[Aqueous]

What you think is easy is actually not easy. Any time you've added one, two, three more steps to a problem after clicking the link in the browser you've already lost. Adding repositories? Already too late. Touching the command line? Sorry, as much as we love it, for most users it's already too late. Going into Aptitude or Synaptic and pasting in the repository URL? Yep. Too late.

This is all compounded by the fact that there is no app bundle. Mac OS X has the bundle and a terrific way to install it: Drag and drop it into the Applications folder, just like we did in the days of the Mac Classic and MacPaint. It hasn't changed. (Well, it did for a while, but thankfully they went back.)

If you say, "Well, that means you end up installing 5 different versions of the same library on the same system" - Who cares? Disk space isn't a priority any more, and from a developer standpoint it makes a lot more sense to target a dependency whose version number I know, instead of a dependency whose version only the package maintainers know for sure. I don't want to be forced to target v1.3 of a library if it's only been tested (by me) on v1.2. It makes for much better application stability for the developer to be in control of dependencies and not these package maintainers.

I want to ship a self-contained bundle of awesomeness, not a dysfunctional shard among ten thousand other shards.

[downx3]

Some of the bloat could be dealt with by the file system. If you download a library you already have, then simply discard it - and make do with a reference.

What I'd like to see, is the possibility of having multiple versions of software and libraries residing on the OS with ease.

I think these problems are surmountable.

[tikhonj]

Maybe the experience is different on other systems, but on Fedora with KDE there already is no friction to installing random stuff. If I want to install, say, Google Chrome, which is not in the normal repositories, all I have to do is download the package and open it. A nice GUI program then takes care of the rest for me automatically; the main differences from installing a program on Windows is that it then updates automatically and I have to enter my password.
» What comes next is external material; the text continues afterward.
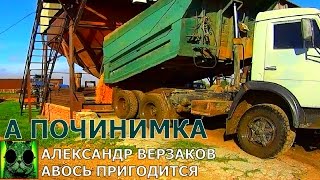 Началось в колхозе утро 2/111. Последняя кукуруза с поля. Началось в колхозе утро 2/111. Последняя кукуруза с поля.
So really, there is less friction than on OS X--I don't have to drag anything anywhere! In fact, on Firefox, I just download the package and it figures out to open it with the right program automatically. And then it just works.

Of course, if a program is in the repositories it's even easier, but that's a different story...

[drdaeman]

> Adding repositories? Already too late. Touching the command line?
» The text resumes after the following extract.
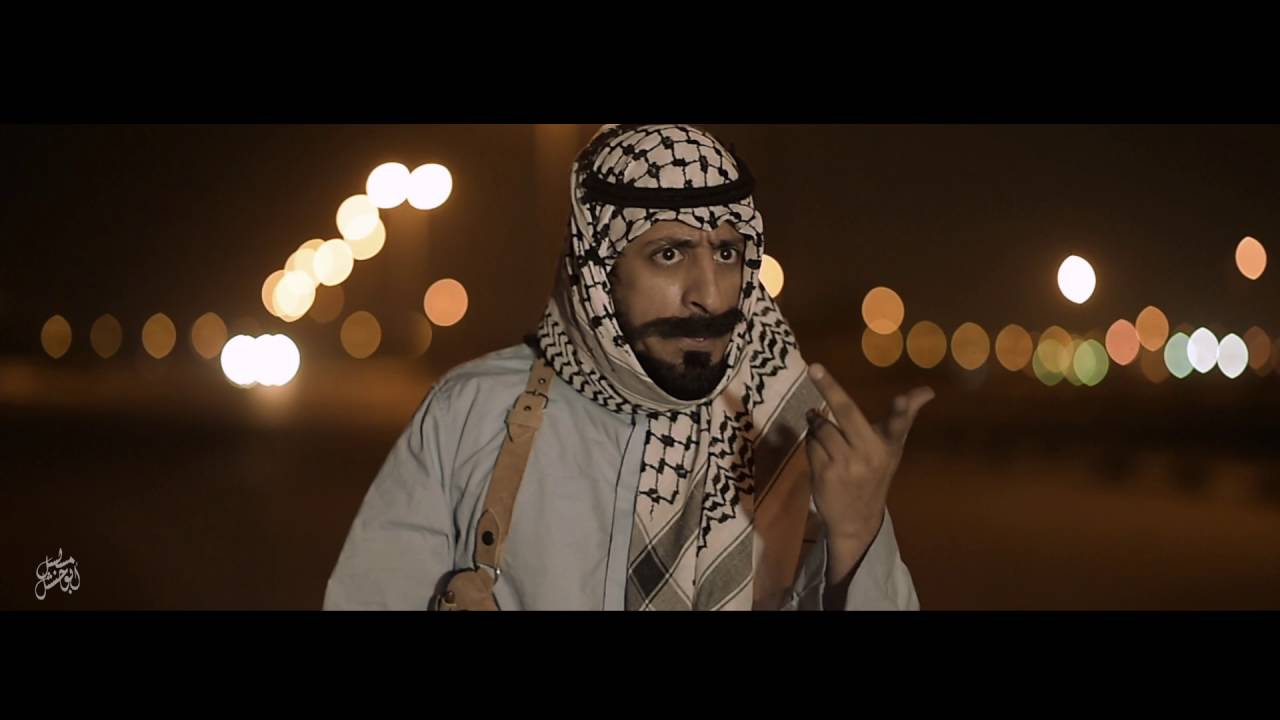#مسلسل_ابوحنشل ( محد شاف )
Nope. As simple as clicking a link with special URL scheme, like `apt+hXXp://archive.canonical.com?package=acroread?dist=feisty?section=commercial`

> This is all compounded by the fact that there is no app bundle.

I'm all for the bundles (which single-app repositories, actually, are!), but I want them to be non-monolithic (i.e. contain multiple separate packages).

I don't care about disk space — if I'm that constrainted with disk space that's probably another story that'll probably never happen to most ordinary users, having terabytes of storage. But I certainly care about bugs, and if libXYZ 1.2 has a critical one, I want my system to be free of that version ASAP.

And I don't care that you've never tested your awesome app with 1.3 — it's better to be possibly unstable than certainly unstable or, far worse, vulnerable.

[Aqueous]

What makes package maintainers uniquely qualified to patch dependencies and upgrade them? Either we say Canonical or Red Hat hires the best possible people to watch over their package repositories or we say that a qualified application developer could do just as well. Either way we end up having to trust somebody.

Both package maintainers and developers have an interest make sure their programs don't introduce vulnerabilities into the system. Therefore if there's a serious problem with one of their dependencies vulnerability patching will happen either way.

The distribution maintainers should be in charge of maintaining a core set of low-level dependencies that are needed by many applications. Beyond that they should leave the dependency management to the application developers. Seriously. That would free up so many millions of man-hours of work for say, Canonical, that they could actually make the core system usable to the average user.

[dubya]

"And I don't care that you've never tested your awesome app with 1.3 — it's better to be possibly unstable than certainly unstable or, far worse, vulnerable." Not all library bugs affect all programs though. If you change a library and break things, then the user usually has to wait for the maintainers to fix it, even if the programs would not have exposed the vulnerability. I am thinking of something like a program that uses libPNG to load included images that might break because libPNG has been changed because malicious images could cause a buffer overflow.

[icebraining]

This is all compounded by the fact that there is no app bundle.

A "collection" type for installing multiple packages transparently would be nice, but I have to point out that nothing prevents you from doing the exact same thing that you do on Mac OS X, which is to distribute the .so libraries in the same package as the application, or even compile it statically.